By Chris Limb

The equally absurd worlds of modern celebrity and ancient mythology collide when pop singer Genie searches for her dead lover in the afterlife

Friday, 2 February 2018

Continental Drift

As a child I was obsessed with many things. Continental Drift was one of them.

I suppose it stemmed from my love of maps, especially maps of imaginary worlds such as those found in the front of fantasy novels like A Wizard of Earthsea, Lord of the Rings or some of the Narnia books. I always thought it was a shame that no map of the Great Eastern Ocean was included in The Voyage of the Dawn Treader, but in retrospect that makes sense—it would have been mostly blank.

I would spend hours drawing my own maps even though I don't think at any point I was planning to write an epic fantasy. I just liked drawing the maps. Some of them had peculiar features (probably inspired by The Isle of the Ear and The Hands from the Earthsea map) and all of them spanned continents, although I don't recall ever drawing a map of a complete planet.

This was an odd omission given how obsessed with space I was. I can only surmise that for some reason I didn't like mixing these particular manias. Mixing others was fine—the Fantasy Maps and London Underground enthusiasms were mashed up many times as I drew transit system maps for imaginary cities. Years later I was enthralled to read about New Crobuzon in China Mieville's Perdido Street Station and thought it was a shame that there wasn't a transit map included in the book. Someone else must have thought the same, because now there is

I have toyed with the idea of drawing a map for Comeback—some kind of take on Dante's Inferno, consisting of concentric circles—but never quite got around to it. Genie's journey is linear enough for it not to be required.

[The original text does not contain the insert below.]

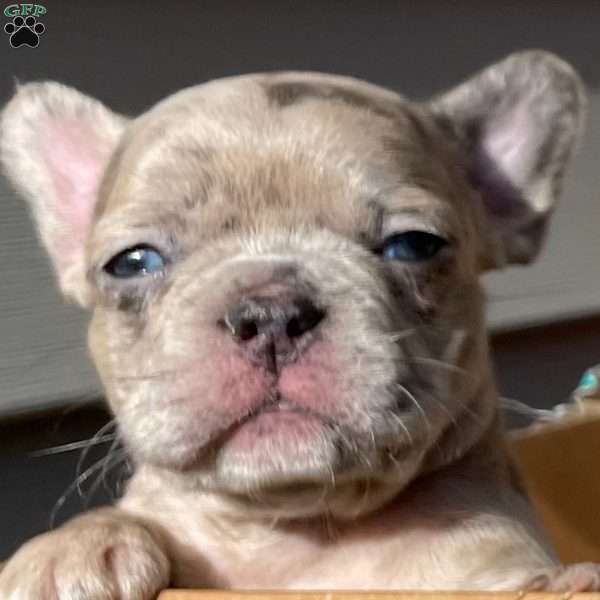 JJ, French Bulldog Puppy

However, oddly enough I have come closer to drawing a small scale map for the follow up to Comeback - even though that novel is more or less set in the real world. 

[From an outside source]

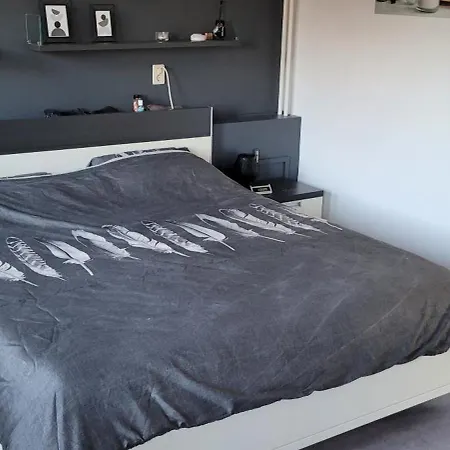 Casa De Egmonden Tatil Evi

Back to Continental Drift. I think what captured my imagination was the fact that these maps looked like fantasy maps and yet contained hauntingly familiar elements which would pop up every now and then. I was fascinated by the way South America and Africa fitted together neatly—so much so that I clearly remember tracing them from the atlas, cutting out the tracings and sellotaping them together.

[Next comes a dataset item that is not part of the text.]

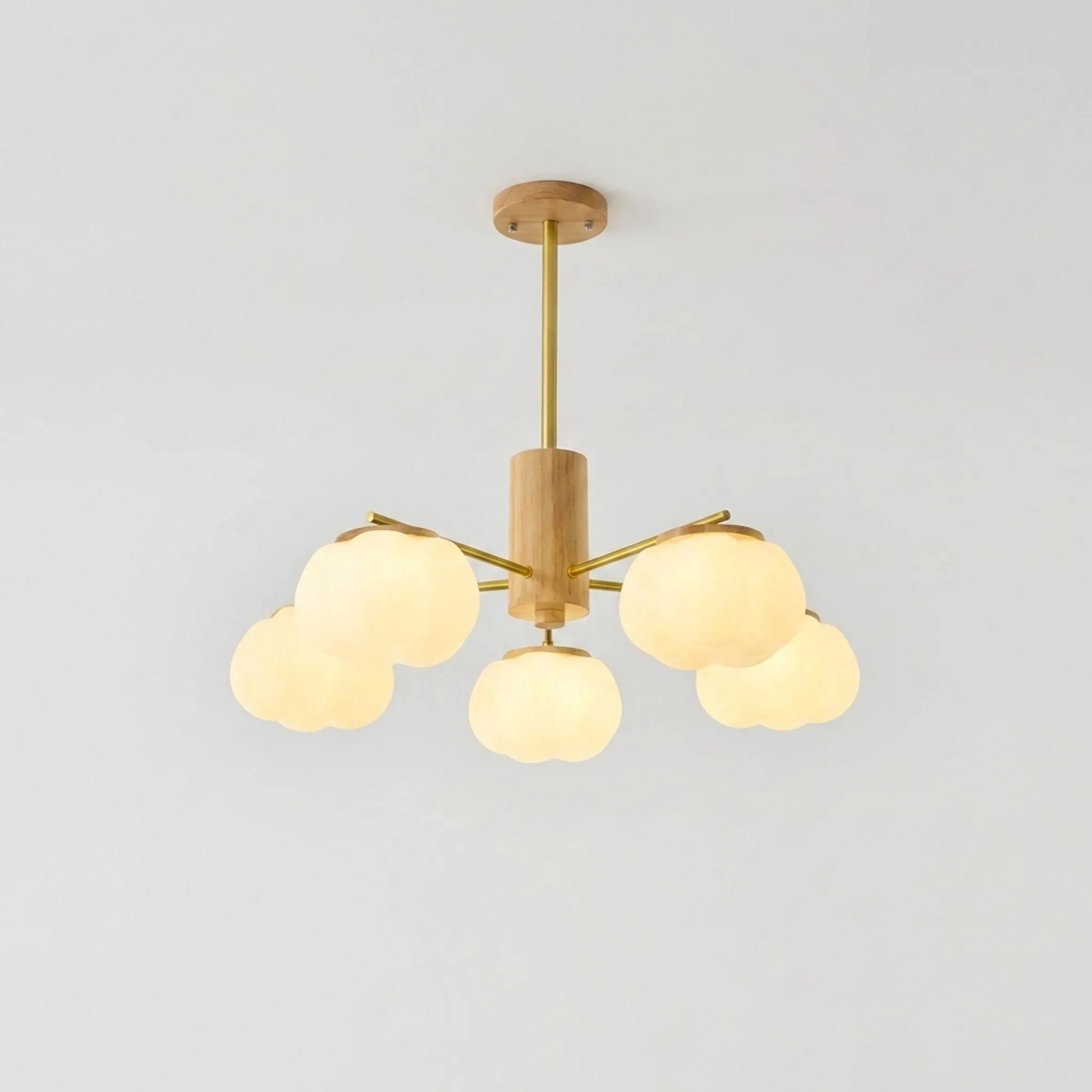 Modern Multi-Arm Ceiling Chandelier -  Luminaar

What was almost as good was the way that these outlandish continents had names. Pangaea, Gondwanaland, Laurasia, Laurentia, Baltica and Avalonia.  Separated by seas called Iapetus and Khanty or surrounded by the great Panthalassa Ocean.

What I particularly liked was the way you could see the evolution of the world over time as the continents slid into the positions so familar from the BBC One continuity globe. But there was always something missing. In the pre internet age of course I had to rely on books and even amongst my own collection of books about prehistory—plus whatever I could find in the library—there was no depiction of where the continents would go next. True there were some descriptions in the text but that wasn't quite the same thing.

Then one day—I am sure I was almost a teenager by this point—a glossy book turned up in the school library which did depict the Earth some thirty million years hence. It was all rivetting but what particularly stood out for me was the way that Africa had pivoted around the Middle East towards Europe, giving rise to the Mediterranean Mountains and the Red Ocean.

Even today with the vast resources of the internet available to me, there aren't quite enough illustrations of the future Earth around, or at least of the right kind. A quick google for Future Earth Map does reveal thousands of images, but few of them agree with each other and half of them are simply based on today's continents with changing international boundaries or rising sea levels drawn in. But I think the real reason they don't satisfy is that none of them comes close to Future Earth Map that I had in my head when none were available and I had to draw my own. These self drawn maps were closer to the fantasy maps of imaginary worlds I also drew - and included arrays of names mashing up the present day global gazetteer.

The real challenge of course would be to write a novel set in this future world. But that can wait for another time.